First Search for Low-Frequency CH with a Square Kilometre Array Precursor Telescope

TL;DR

This study conducted a pilot interferometric search for low-frequency CH hyperfine transitions in RCW 38 using ASKAP, setting upper limits on the column density but not detecting the signal, advancing radio observations of interstellar molecules.

Contribution

First interferometric search for low-frequency CH hyperfine transitions with ASKAP, providing new sensitivity limits and demonstrating the environment's radio quietness for future studies.

Findings

No detection of CH at 724.7883 MHz in RCW 38.

Achieved a 5-hour sensitivity limit of 0.09 Jy.
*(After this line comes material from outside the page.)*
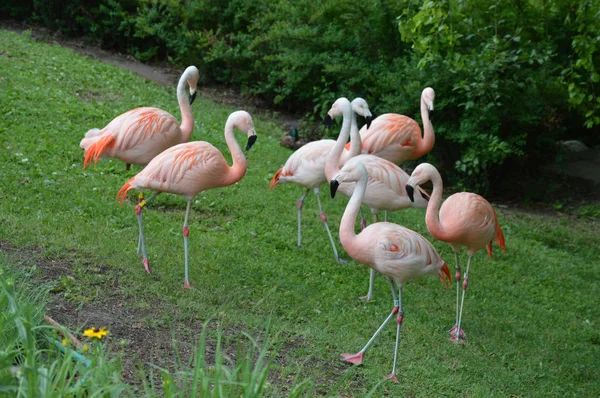 Flamingos na grama — Fotografia de Stock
Set upper limits on CH column density in emission and absorption.

Abstract

The diatomic free radical methylidyne (CH) is an important tracer of the interstellar medium and the study of it was critical to our earliest understanding of star formation. Although it is detectable across the electromagnetic spectrum, observations at radio frequencies allow for a study of the kinematics of the diffuse and dense gas in regions of new star formation. There are only two published (single-dish) detections of the low-frequency hyperfine transitions between 700 and 725 MHz, despite the precise frequencies being known. These low-frequency transitions are of particular interest as they are shown in laboratory experiments to be more sensitive to magnetic fields than their high-frequency counterparts (with more pronounced Zeeman splitting). In this work we take advantage of the radio quiet environment and increased resolution of the Australian Square Kilometre Array Pathfinder (ASKAP) over previous searches to make a pilot interferometric search for CH at 724.7883 MHz (the strongest of the hyperfine transitions) in RCW 38. We found the band is clean of radio frequency interference, but we did not detect the signal from this transition to a five sigma sensitivity limit of 0.09 Jy, which corresponds to a total column density upper limit of 1.9x10^18cm^-2 for emission and 1.3x10^14cm^-2 for absorption with an optical depth limit of 0.95. Achieved within 5 hrs of integration, this column density sensitivity should have been adequate to detect the emission or absorption in RCW 38, if it had similar properties to the only previous reported detections in W51.